AAA, mancano i veri MacGyver di una volta. AA, piuttosto, ci troviamo sempre a dire inconsolabili: non è possibile, non si può fare, è del tutto inaccessibile per le mie doti. Finiti su di un’isola deserta, assieme a un carico di batterie a bottone, tireremmo fuori dalla borsa il telefono satellitare, che invece ne voleva solo due, ma di mini-stilo. E imprecando contro l’ironia del fato, lì resteremmo. Per mangiare cocco fino all’ultimo dei giorni, della nostra lunga oppure breve vita. L’aneddotica delle vicende umane è piena fino all’orlo di racconti come questi, con un taglio estremamente indicativo dei secondi fini della narrazione. Quello stesso prologo, dell’aereo che precipita, della nave naufragata, è sempre l’inevitabile preludio di un ricco viaggio di scoperta personale. In cui l’individuo rimasto solo, gradualmente, apprende che l’ingegno medio è spesso sufficiente, per sopravvivere laggiù fra i gridi di gabbiano, senza l’aiuto della società. Ma addirittura prosperare, superando le aspettative dello spettatore, quella è tutta un’altra storia…

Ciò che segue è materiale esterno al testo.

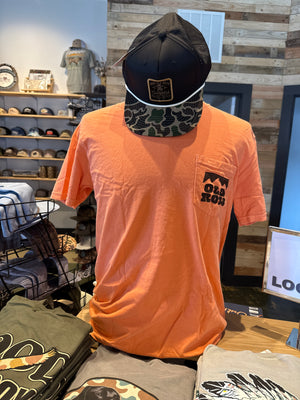 Old Row Cowboy Killer Pocket Tee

NurdRage è il giovane scienziato con la voce sempre alterata digitalmente, forse uno studente canadese amante della privacy, che da qualche anno offre al mondo i video dei suoi esperimenti e le molteplici invenzioni che produce. Fra i suoi campi preferiti, a giudicare dai recenti successi, va senz’altro annoverato il campo delle batterie stilo. Lui, che le smonta e poi ricostruisce, che le scarta, che le apre, che ne esplora i limpidi segreti, con gran dispetto delle compagnie produttive. E che addirittura, in questo caso, le costruisce in casa! Possibile? Tutto vuolsi, ove si puote. Si tratta di una pratica ricetta, ecco qui cosa ci vuole: per prima cosa, un paio di siringhe ipodermiche, o anche più, a seconda del bisogno. La loro forma cilindrica di plastica, a quanto pare, è pari nel diametro a quella della pila stilo. Strana coincidenza, quasi…Intenzionale. Un colpo o due di pinze, per ottenere la lunghezza esatta. Tale pratico involucro trasparente, quindi, sarà rivestito nella parte interna di un foglio di zinco, misurante 50 x 30 mm. Un oggettino per nulla inusuale, che si compra normalmente al supermarket (quello canadese. Forse, non saprei.) E adesso, guarda, viene il bello. Da un barattolino (maneggiansi con guanti belli spessi) ecco lui che tira fuori del veleno sopraffino, l’idrossido di potassio, che ivi versa, come niente fosse, dentro a un bricco d’acqua trasparente, messo quindi lì da parte a dissolversi, come un Alka-Seltzer. Nell’involucro plasticoso del suo divertimento precedente, invece, costui ci mette del diossido di manganese (?) Bene avvolto nella carta e pronto da fumare come l’erba, all’apparenza. Però nero quanto l’anima di chi comunemente inquina, senza mai sapere come riciclare… Oppur la pratica mina di matita, messa, guarda caso, lì a fare da conduttore. Ecco che, a questo punto, l’insieme avvolto e multi-strato viene immerso dentro al liquido semi-biancastro appositamente preparato e lì lasciato, per un tempo medio. Lui consiglia una giornata. Ciò “attiverà gli elettroliti” permettendo alla carica d’ingenerarsi, dentro al circuito così ben costruito. Sarebbe difficile crederci, se gli occhi non ci assistessero nell’ardua impresa: quand’ecco, nel finale, lui che mette i due cilindri dentro al corpo cubico di un’orologio digitale. Ed esso vive, per Frankenstein!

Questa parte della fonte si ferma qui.